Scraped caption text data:
((

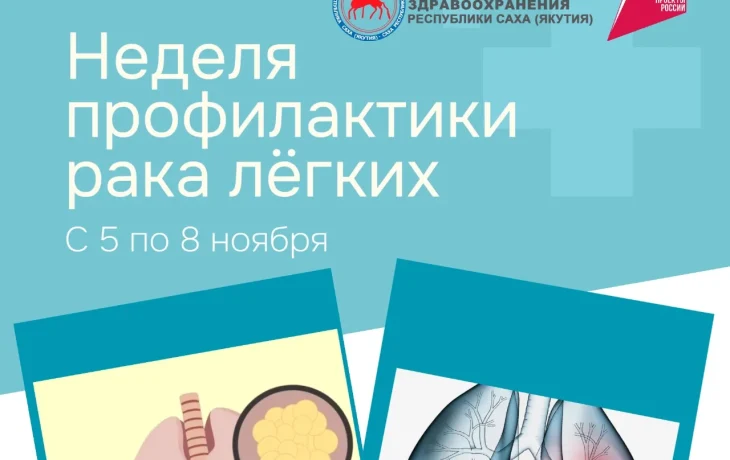 Онкологи Якутии напоминают о важности ранней диагностики рака лёгких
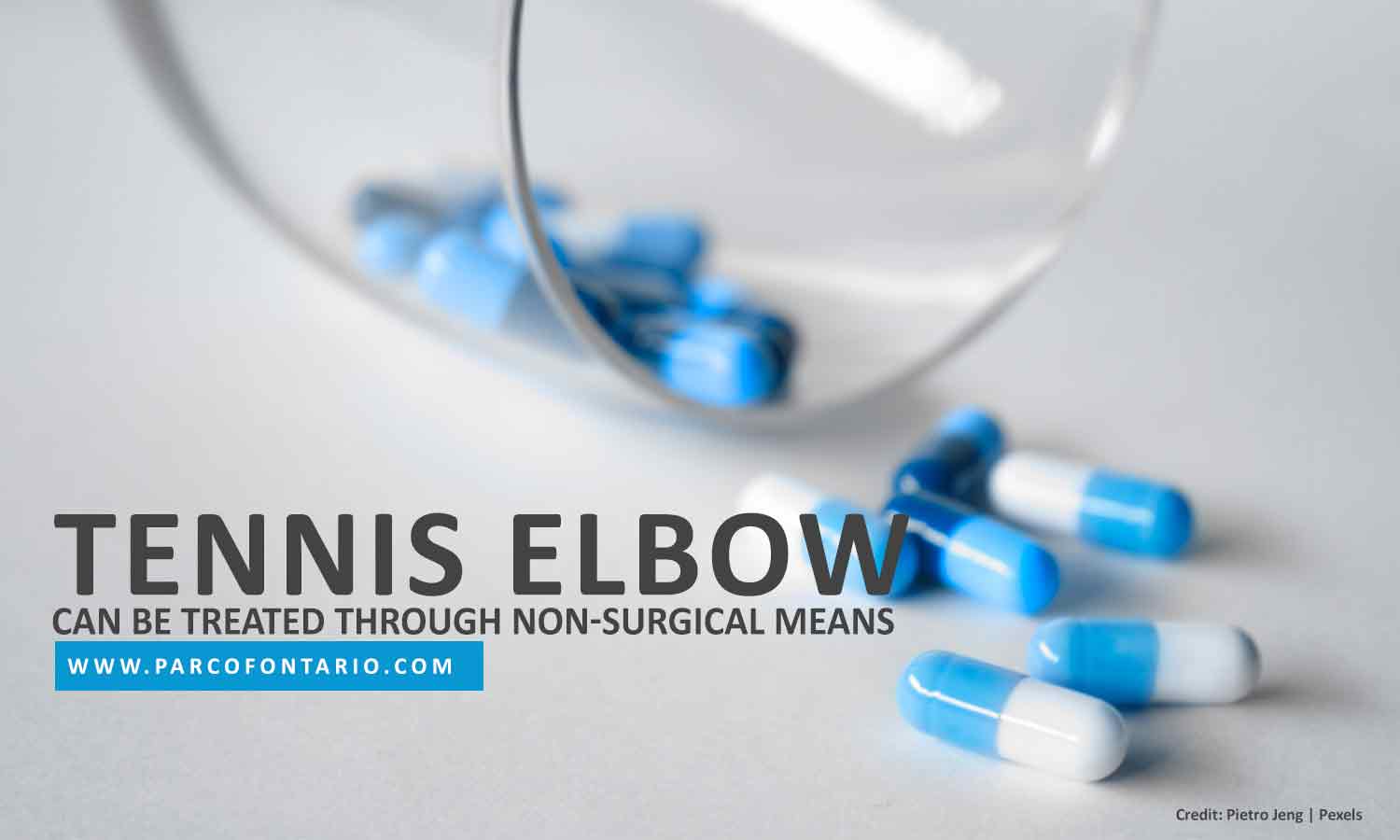 Tennis elbow can be treated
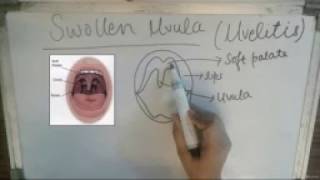 Swollen uvula  Uvulitis Introduction and causes of Swollen Uvula [upl. by Theresita127]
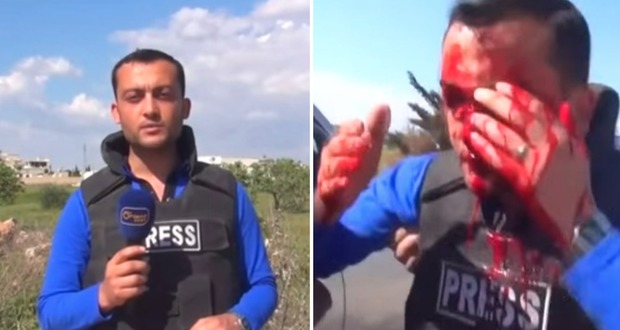 Siria, reporter colpito da schegge di granata sul viso in diretta tv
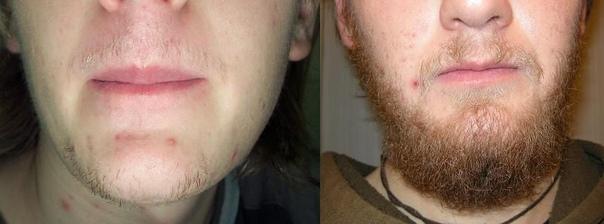 Борода до и после Миноксидила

))

» **HOW TO COMPLETE THIS TASK**: Print only the lines from the line that contains "[upl. by Theresita127]" to the final line of the data, inclusive. Pictures stay out.

» **SOLUTION FOR THIS PROBLEM**:
 Swollen uvula  Uvulitis Introduction and causes of Swollen Uvula [upl. by Theresita127]
 Siria, reporter colpito da schegge di granata sul viso in diretta tv
 Борода до и после Миноксидила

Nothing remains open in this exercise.